▸ **Task description**
Return only the lines below starting at the line containing "11. Oktober 2012 Touren" and ending at the line containing "[Lucky Star]CLOVER MEDIUM", both included, exactly as they are and with no pictures.

▸ **Source information**
┄┄┄┄┄┄┄┄┄┄
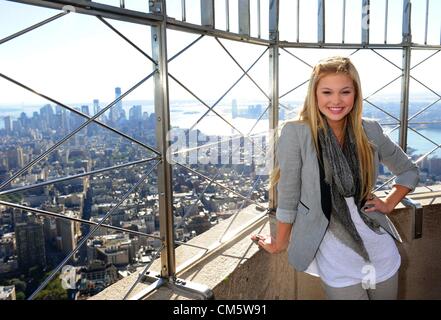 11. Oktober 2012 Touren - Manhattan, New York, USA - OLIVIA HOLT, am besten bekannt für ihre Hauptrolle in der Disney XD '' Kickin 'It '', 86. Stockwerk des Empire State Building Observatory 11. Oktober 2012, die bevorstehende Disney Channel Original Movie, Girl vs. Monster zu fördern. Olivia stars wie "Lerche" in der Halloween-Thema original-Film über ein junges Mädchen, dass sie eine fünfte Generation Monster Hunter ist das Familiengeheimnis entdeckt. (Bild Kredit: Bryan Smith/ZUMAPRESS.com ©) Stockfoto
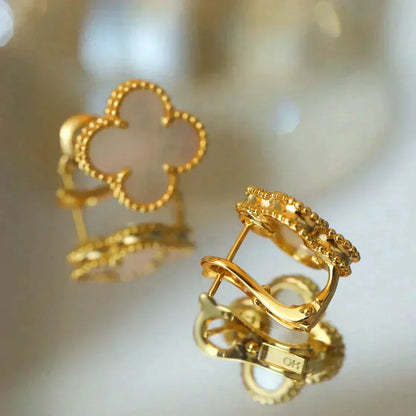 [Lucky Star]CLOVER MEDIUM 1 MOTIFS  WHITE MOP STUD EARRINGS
┄┄┄┄┄┄┄┄┄┄
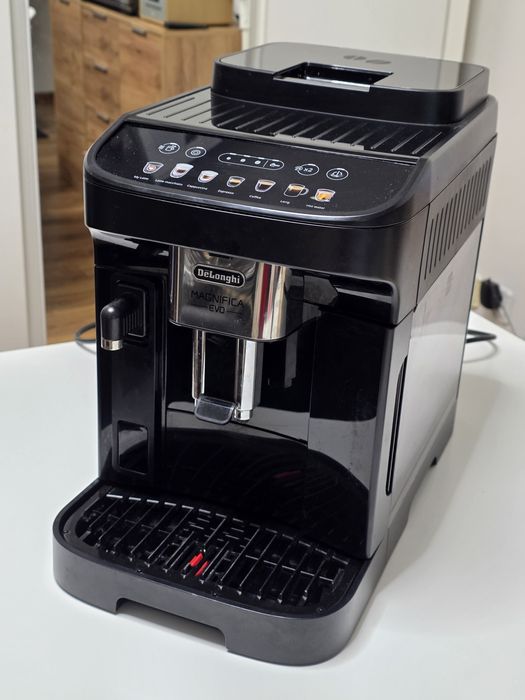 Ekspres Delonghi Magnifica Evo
┄┄┄┄┄┄┄┄┄┄
▸ **Reply to the task**
 11. Oktober 2012 Touren - Manhattan, New York, USA - OLIVIA HOLT, am besten bekannt für ihre Hauptrolle in der Disney XD '' Kickin 'It '', 86. Stockwerk des Empire State Building Observatory 11. Oktober 2012, die bevorstehende Disney Channel Original Movie, Girl vs. Monster zu fördern. Olivia stars wie "Lerche" in der Halloween-Thema original-Film über ein junges Mädchen, dass sie eine fünfte Generation Monster Hunter ist das Familiengeheimnis entdeckt. (Bild Kredit: Bryan Smith/ZUMAPRESS.com ©) Stockfoto
 [Lucky Star]CLOVER MEDIUM 1 MOTIFS  WHITE MOP STUD EARRINGS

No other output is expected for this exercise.